Using the 4 seasons change your classroom environment to meet the needs of introverts, extroverts, social processing and teacher feedback.  To embrace all learners we use themes that match and contrast how learners can understand (not learn) the content.  Here are some examples:

 
 

Winter

What happens?

This is the quietest season where learners are either:

  • Reading or thinking to themselves

  • Listening to a podcast/audio track

  • Drawing their understanding of the concept

 

This is where the introverts can have their time to think, go off track and explore on their own. Giving time to consider, brainstorm and rearrange thoughts is a priceless gift to give any learner during their day.

 

Spring

What happens?

This is where learners get to talk to their partner quietly about the work, such as:

  • Talking about what they have just learnt, or what the educator has just said

  • Discussing or defending an opinion

  • Sharing their work with a partner

Everyone has seen students talk to their buddy about 'What did the teacher just say?' or 'Am I doing this right?'.

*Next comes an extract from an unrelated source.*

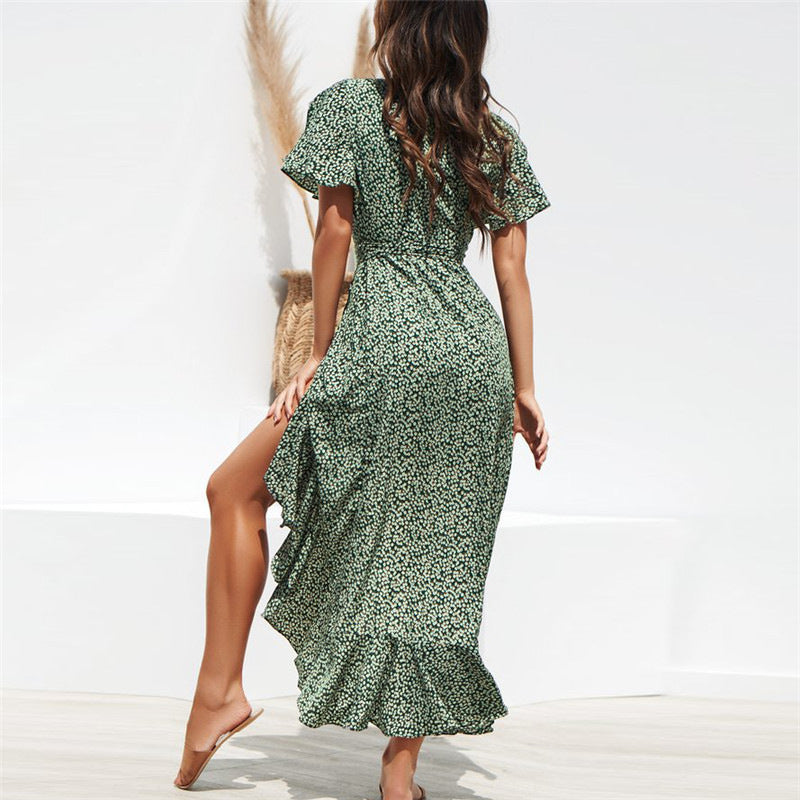 Polka Dot Print V-Neck Irregular Slit Vacation Lace-Up Chiffon Ruffle Dress Sexy Wholesale Dresses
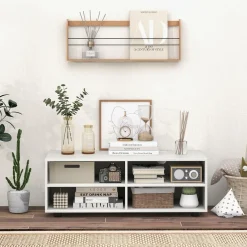 Tangkula White TV Stand for TV up to 40 Inch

Allow students to share their understanding with each other to get orientated with a fellow learner.

 

Summer

What happens?

This is where learners get to have some organised chaos and interact at volume.

  • Discuss/Brainstorm in large groups using large props

  • Build a presentation on a white board

  • Role-play/apply more complex ideas

 

This is a structured time with clear goals to be achieved. You can observe from afar, interact and nudge groups or quietly listen as their understanding intensifies.

 

Autumn

What happens?

This is where teacher gives feedback on examples and refines the work to exam level answers.  It is a discussion between learners and teacher.

  • Cover learning completed showing learner examples

  • Discuss and define an exam answer

  • Extend the learning beyond the classroom

 

This is where the teachers leadership is applied in cooperation with the learners.  Find and discuss answers, insist that they can discover and refine these themselves.  Review the work completed and encourage positive future behaviour.